And so, a Bill was created. The Community Protection Bill, known as the Gary David (Webb) Act, was passed in April 1990 to protect the community from one individual.

“The Bill at Cabinet provides for the detention of Garry David through proceedings instituted in the Supreme Court. The Bill will enable David to be detained in either a prison or mental health facility, and his detention will be reviewed by the court every 12 months. David’s detention will be continued for as long as he remains a threat to the community.” – Department of Premier and Cabinet Briefing Note.

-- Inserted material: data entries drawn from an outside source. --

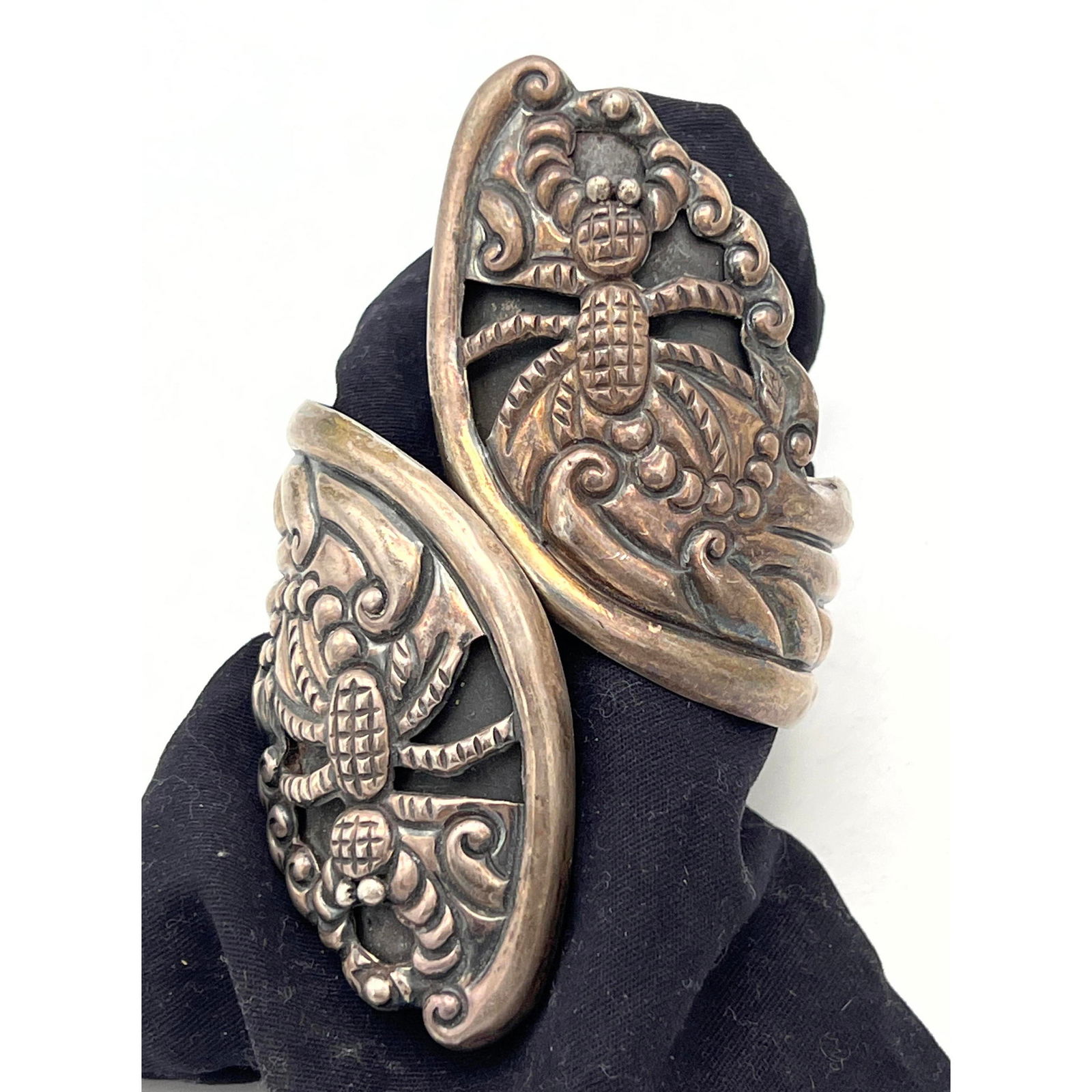 Sterling TAXCO Mexican Hinged Clamper Bracelet. has relief spider design on each large end. Marked. (1 of 6)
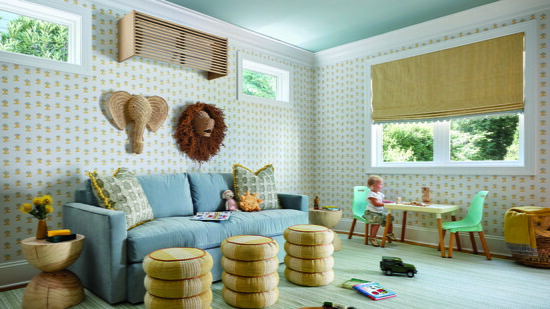 Samuel and Sons cording adds pops of color—blue on the window treatment and orange on three Taylor King ottomans. 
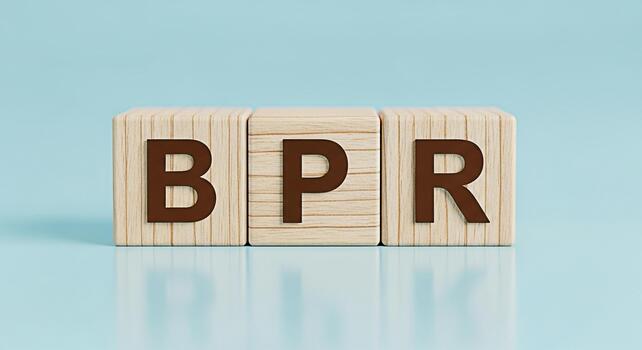 Wooden blocks displaying BPR on a light blue surface representing Business Process Reengineering in a minimalist and clean environment symbolizing efficiency and strategic improvement photo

In Cabinet documents opened on 1 January 2026, it was clear that the Cain government felt the need to protect the community outweighed the rights of the individual. Gary David (Webb) was held in J Ward at Aradale, Ararat, as a result.  


The end justified the means

In the Melbourne University Law Review, academic David Wood criticised this “extraordinary piece of legislation.”

“…the Act runs counter to one of the principles generally included within the rule of law. Whatever else this notion may involve, it requires that laws be of general application, that individuals be subjected to the same law. David is patently to be subjected to a different law, a law that explicitly applies only to him. Someone else identical with him in all relevant respects (even those who present a far greater threat to the community) escapes the ambit of the Community Protection Act for no other reason than that that person is simply not Garry David.”  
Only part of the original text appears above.